I was utterly dumbfounded.  No, I could do nothing.  the rain came faster than it could be licked away.  The little dead squirrel, which had seemed so cherished, began to stiffen and change.  The squirrel who held and washed it dropped it and moved away.  The tiny body, once quickened with life, became a lump of garbage, no longer calling to others or evoking their interest.  The transformation of entity into nonentity happened before my eyes.  It did not happen at death.  It happened when the living squirrel let it go.

Twenty-four years later I would re-enact this little drama, holding to my chest a body so recently inhabited, washing a familiar face until it began to stiffen and change.  I too eventually got up and left.  What just happened?  I can create protoplasm, but I can't make it live.  I can hold a living body close and dear, and yet its activity stops and cannot be coaxed back.  For a few more moments I may speak to it, address it as though it were still inhabited, but nothing can be done.  This change is permanent.  When I get up from this lamentation, I will arrange for this body to be taken away for burial or burning.

Death is the second greatest mystery I know.  The first is love.  Love that holds an expectation beyond death.  Love that recreates or goes on relating to a presence after its carbon-based, living stuff has been cast into the oven.  Love that goes on seeking out its object in the face of death and in spite of it, the same love that resurrected Jesus, that we celebrate on Easter.

But today we mark the crucifixion.  Today Jesus' mother held her dead son in her arms, wiping his face, holding him to her breast for the last time until his body, so cherished, began its final change.  Perhaps she looked up to God saying, "Can't you do something?"  Eventually, I know, she got up from her lamentation and arranged his body for burial.  Today my attention is caught by the mystery of death -- exactly to the moments of pause between life and death when the living, at least, are reluctant to let go of the pleasures of sight and sound and touch, still holding to those beloved bodies, still believing the one we love is made of the flesh we hold right here in our arms.

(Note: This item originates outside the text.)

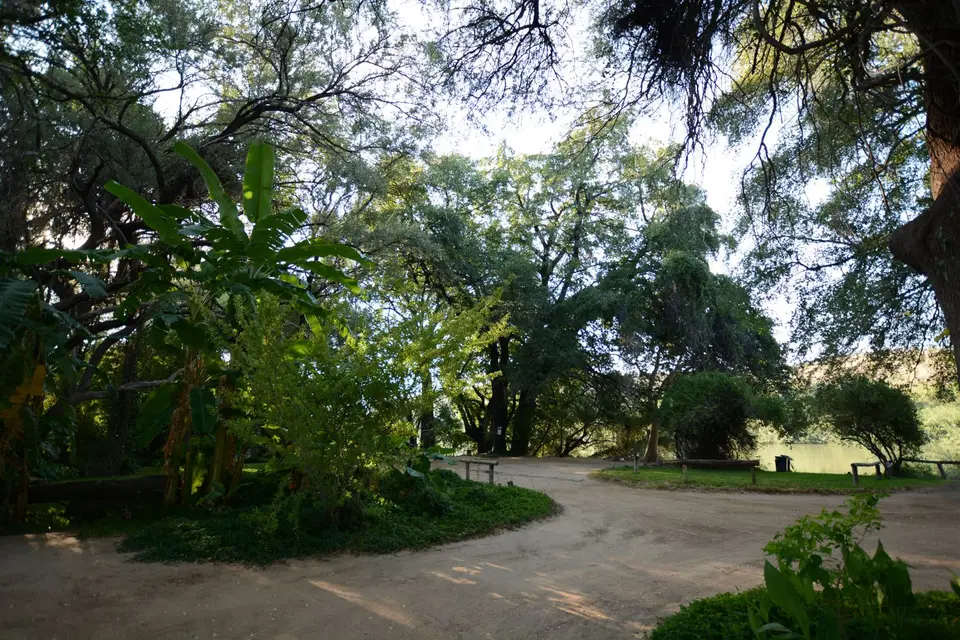 G71_7545.JPG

This morning I am keeping watch in our church's columbarium, the Nepenthe Garden.  I relieved a good friend, who had relieved another good friend, and so on, throughout the night.  The sun has risen over the church roof and rests on the palms over the Altar of Repose.  A red-headed woodpecker is breakfasting on a few hapless insects who were minding their business deep in the palm's heart.  White flowers have been stripped from their bushes to decorate our altar.  Weeds have been lifted from the ground by their roots.  I squash a mosquito, full of my blood.  Life and death proceed, hand in hand -- my hand in God's hand, his terrible, beautiful hand, pulling me forward.

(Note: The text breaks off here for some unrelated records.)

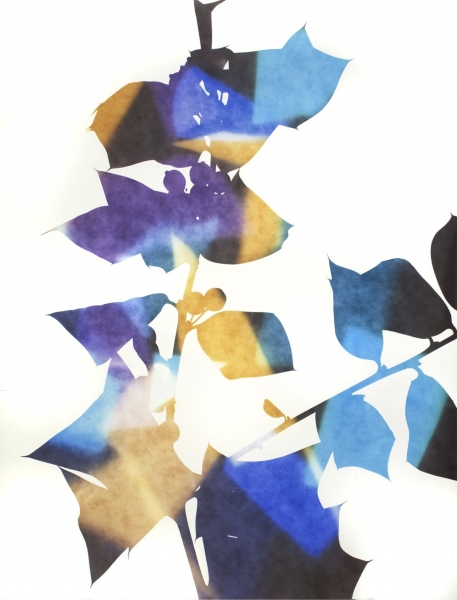 James Welling
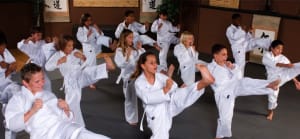 in Lafayette - Champagne's Martial Arts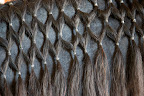 I love what they did with Rutger's mane.  I wonder if French bulldogs can grow hair this long?  I think I could use a new do.
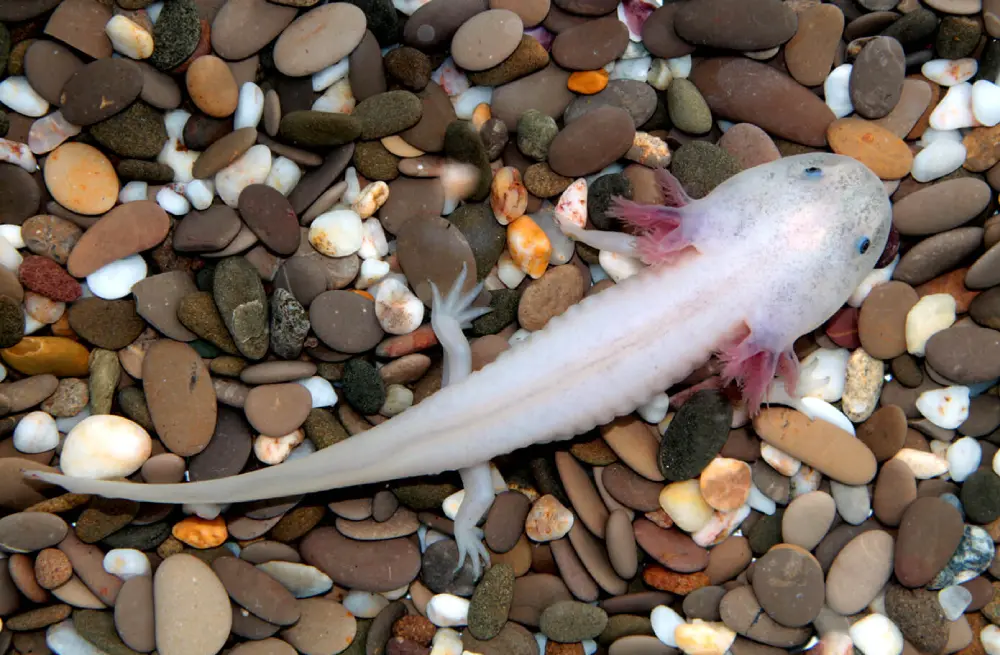 Axolotl: A Unique Aquatic Creature (facts, Pics and More)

I remember my cat, who so often wakes me inches from my face, who has now refused food and solace for two days.  Early this morning she spent a few minutes on my lap, purring but obviously feeling poorly.  From a lifetime of cats, I know they can sicken and die in a few days, shots or not.  I hope this one will remain in her little hunk of living stuff a bit longer, and that I will too.  But ultimately, even with all our specialized organs in fine fettle, we are as grass, she and I, along with mosquitoes and woodpeckers and weeds.

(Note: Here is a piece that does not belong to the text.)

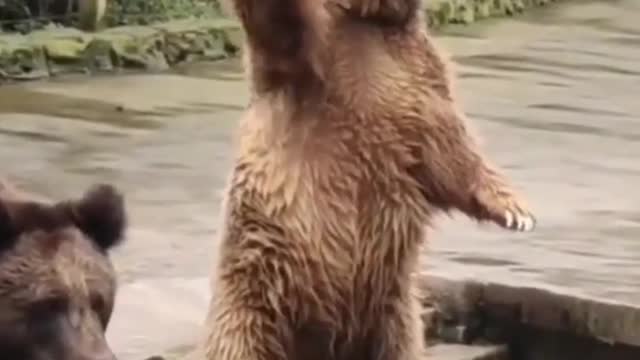 Catch bear 🐻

My faith is that in life's tomb, in that very process of letting go and moving on, creation is redeemed and renewed.  I hope that death, too, looses us and lets us go.  That we will be able to leave our little hunks of dead protoplasm behind us and move forward.   The Angel of the Tomb says, "The one you seek is not here."  Jesus himself says, "Do not hold on to me."  There is a time when, for life to proceed, bodies -- all that is organized and keeping entropy at bay -- must be abandoned.  My faith is that this is not the end of the story.